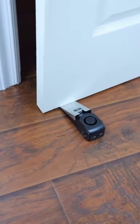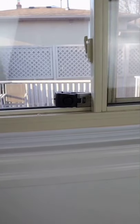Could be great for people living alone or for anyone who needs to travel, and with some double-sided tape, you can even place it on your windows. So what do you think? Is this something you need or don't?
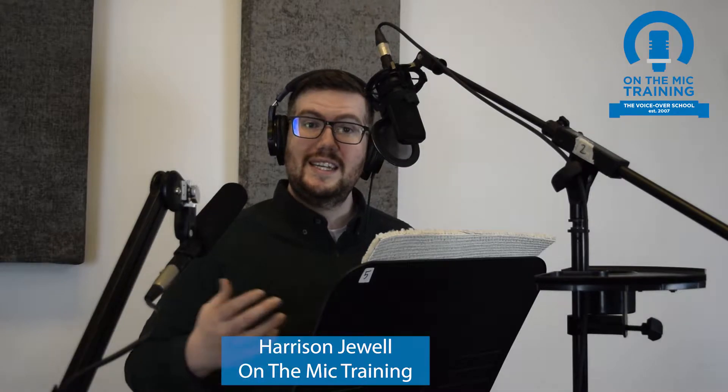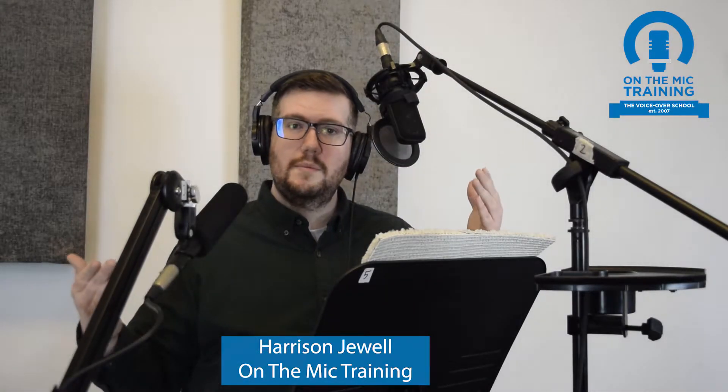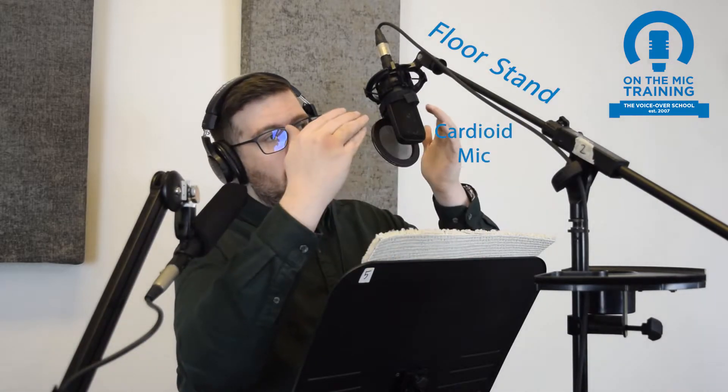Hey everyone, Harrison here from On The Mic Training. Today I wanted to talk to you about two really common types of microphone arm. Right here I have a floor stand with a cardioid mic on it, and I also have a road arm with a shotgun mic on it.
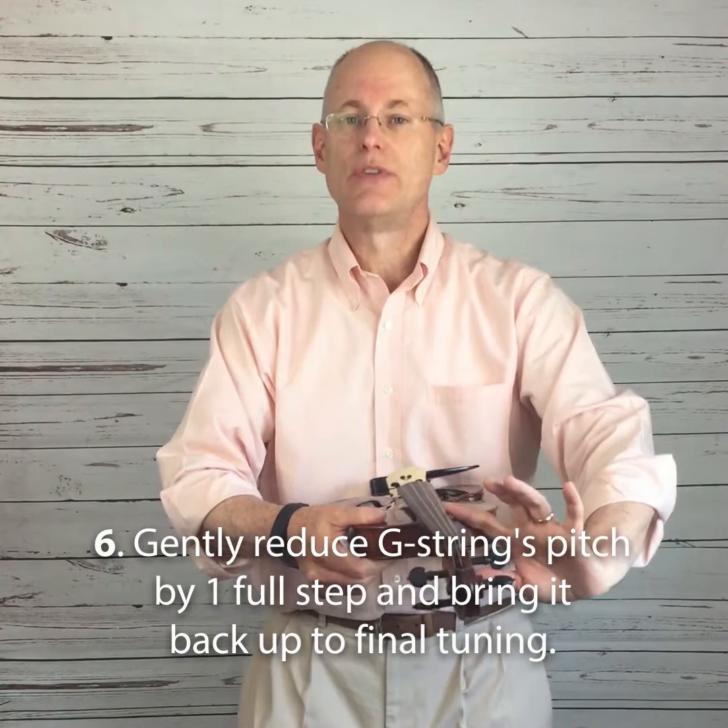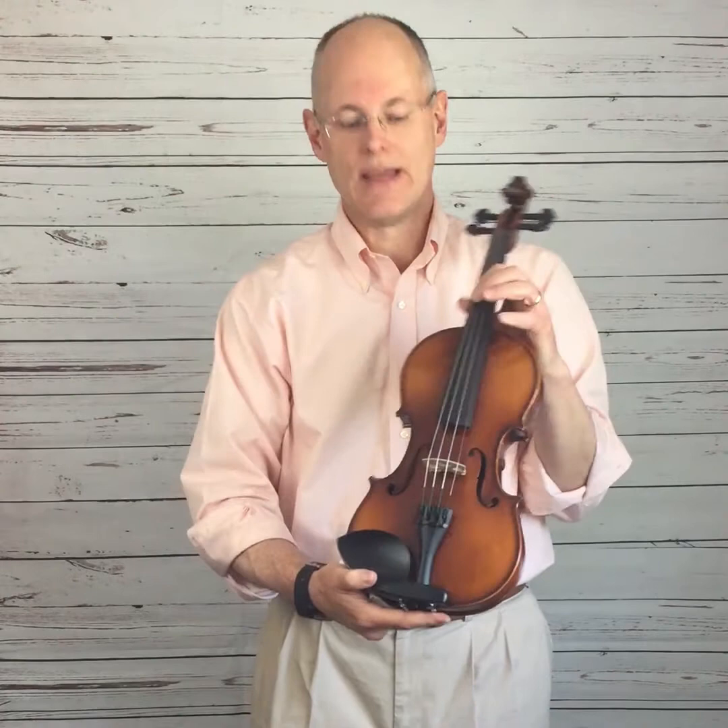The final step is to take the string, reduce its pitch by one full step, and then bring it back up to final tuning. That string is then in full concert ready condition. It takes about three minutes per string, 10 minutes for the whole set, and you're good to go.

* * *

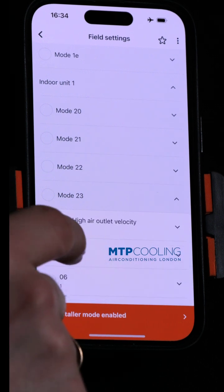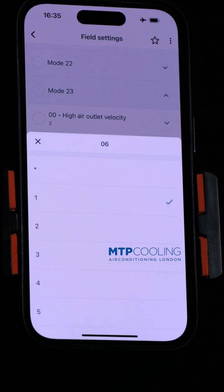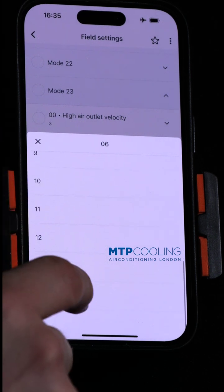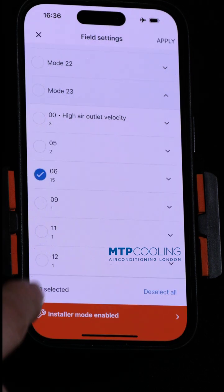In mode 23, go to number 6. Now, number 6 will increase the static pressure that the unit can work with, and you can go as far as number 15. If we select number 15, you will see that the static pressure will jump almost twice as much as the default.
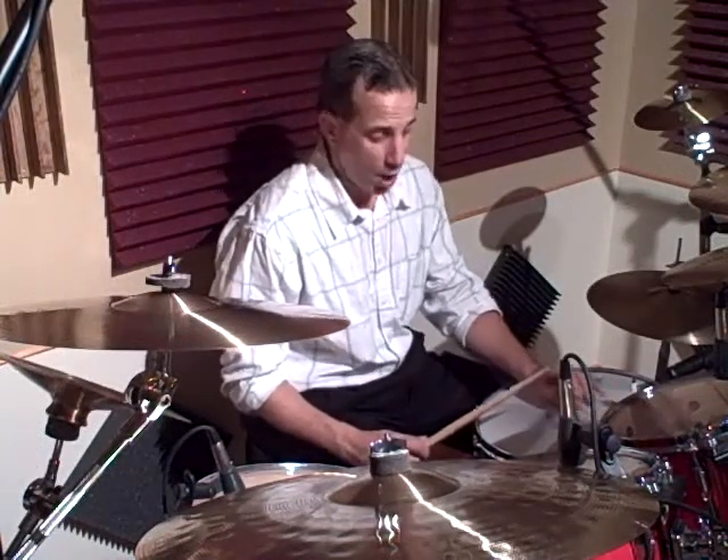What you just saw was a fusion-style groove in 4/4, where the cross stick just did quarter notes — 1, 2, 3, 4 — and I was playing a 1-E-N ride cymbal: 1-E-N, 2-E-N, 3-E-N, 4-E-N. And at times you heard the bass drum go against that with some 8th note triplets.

==

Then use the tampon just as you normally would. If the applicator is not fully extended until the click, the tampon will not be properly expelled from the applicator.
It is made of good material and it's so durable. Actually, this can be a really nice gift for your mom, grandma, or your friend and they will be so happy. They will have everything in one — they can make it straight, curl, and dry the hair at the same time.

### DESCRIPTION OF THE TASK
Taking the entries above, extract every line from the one bearing "Hey everyone, Harrison" through the one bearing "The final step", exactly, with no pictures.

### TASK RESPONSE
Hey everyone, Harrison here from On The Mic Training. Today I wanted to talk to you about two really common types of microphone arm. Right here I have a floor stand with a cardioid mic on it, and I also have a road arm with a shotgun mic on it.
The final step is to take the string, reduce its pitch by one full step, and then bring it back up to final tuning. That string is then in full concert ready condition. It takes about three minutes per string, 10 minutes for the whole set, and you're good to go.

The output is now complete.